Many families and their wealth advisors use January to review their financial plans. Unfortunately, few include their personal insurance—i.e., home, auto, watercraft, valuable collections, and umbrella liability insurance—as part of the process. Most are content to let their policies continue unchanged without much thought. But just as failing to rebalance an investment portfolio can lead to unintended levels of risk, so too can neglecting to adjust an insurance program each year.
Here are four check points high-net-worth families and their advisors can use to work with an insurance agent and update their program.
Issue #1: Do you have the proper types and correct levels of liability insurance?
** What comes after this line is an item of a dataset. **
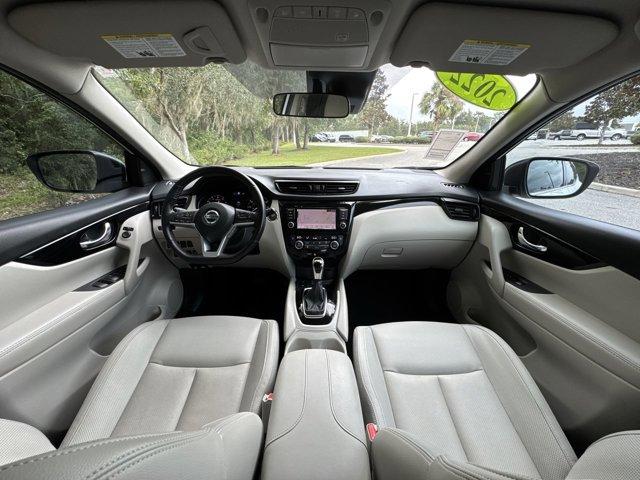 Photo of 2022 Pearl White Tricoat Nissan Rogue Sport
High-net-worth families are most likely to be underinsured for liability insurance, according to an ACE survey of 600 independent insurance advisors. While jury awards and settlements for spinal cord and brain injuries often equal $15 million to $20 million, many wealthy families carry $2 million or less in liability coverage. They would be more prudent to carry an amount at least equivalent to their net worth. Moreover, they must make sure they have the right types of liability coverage.
If the family employs household staff or if one of the family members serves on the board of a charitable organization, they may be exposed to lawsuits that would not be covered by basic liability coverage in their auto, home and umbrella policies.
Issue #2: Will your insurance cover the entire cost of rebuilding your home?
Many families think their homeowners’ policy will pay to fully rebuild their home in the event of a total covered loss. Based on a study of 2009 values by Marshall & Swift/Boeckh, a provider of building cost data and estimating technology, 64% of homes in the U.S. are estimated to be under-insured. While standard policies offered by mass-market carriers may provide a buffer of 20% to 25% above the coverage limit, it is often not enough—especially when natural disasters cause widespread damage and spike construction costs. Instead, seek policies that offer “full
Issue #3: Are all valuable collections insured, and are the levels of coverage adequate?
Most wealthy families are avid collectors. But as ACE’s recent study on passionate investing found, nearly 40% fail to insure all of their collections with a valuables policy (also known as scheduling). That failure may be due to the fact that they don’t realize homeowners policies restrict the amount they will pay for items such as jewelry, silverware, rare stamps and coins, or breakage of fragile items such as marble statues and bottles of fine wine. Besides making sure all valuable items are scheduled, families must ensure that the amounts of coverage are adequate. An 18-karat gold bracelet purchased for $5,000 ten years ago could be worth more than four times that amount today. The value on the insurance policy should keep pace.
Issue #4: Would higher deductible amounts be tolerable to reduce premium costs?
Many wealthy families pay a high amount of premium because they have deductibles of $1,000 or less on their homeowner and auto insurance policies. Ironically, when a minor accident occurs, they won’t file a claim. Why? They worry their insurance rates will go up, and they can afford to pay the entire cost of repairing the damage. Instead, they should consider a higher deductible amount to achieve substantial savings. For instance, insuring a million-dollar home with a $2,500 deductible instead of a $500 deductible could save about $900 each year for a typical ACE client. Since ACE’s typical client files a homeowner claim only once every 21 years, the total premium savings could be $18,900, far outweighing the higher deductible risk.
These four checkpoints are only a few of the adjustments a qualified independent insurance advisor or broker might recommend, but they will cover the most common and serious mistakes made by high net worth individuals in keeping their family, home and assets safe.